THE two central bank meetings this week were supposed to be non-events - the US Federal Reserve was expected to keep interest rates steady while expressing caution about the state of the US economy, while the Bank of Japan (BOJ) was expected to announce more monetary stimulus to revive its flagging economy.
As it turned out, only the Fed followed the script which the market had written, while the BOJ's decision to hold off from pumping more money came as a shock that gave traders the perfect opportunity to short the market - again.

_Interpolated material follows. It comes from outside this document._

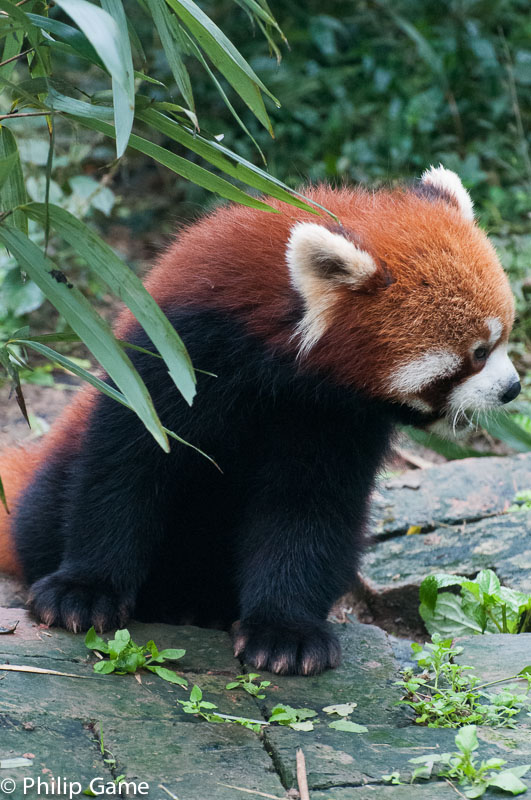 Red panda - a completely different animal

The outcome was that the Straits Times Index weakened every day of the week, losing 102 points or 3.5 per cent in total at 2,838.52, including a 23.78 points drop on Friday.
Adding to the incentive to sell or go short was Thursday news that the US gross domestic product slowed to 0.5 per cent quarter on quarter in Q1 from 1.4 per cent in Q4 2015.
Liquidity in the local market, having picked up slightly in March and early April to an average of S$1.4 billion to S$1.5 billion daily, has fallen back and this week hovered around the S$1 billion mark.
On Friday though, selling of the banks saw turnover increase from Thursday's S$1.06 billion to one billion units worth S$1.15 billion. Excluding warrants, there were 170 rises against 225 falls.
Among blue chips, banks were the prime plays as UOB and OCBC reported their first-quarter figures on Thursday and Friday respectively - the former registering a 4.4 per cent drop in net profit to S$766 million for the three months ended March 31, 2016, and the latter a 14 per cent fall to S$856 million. All three banks ended weaker on Friday.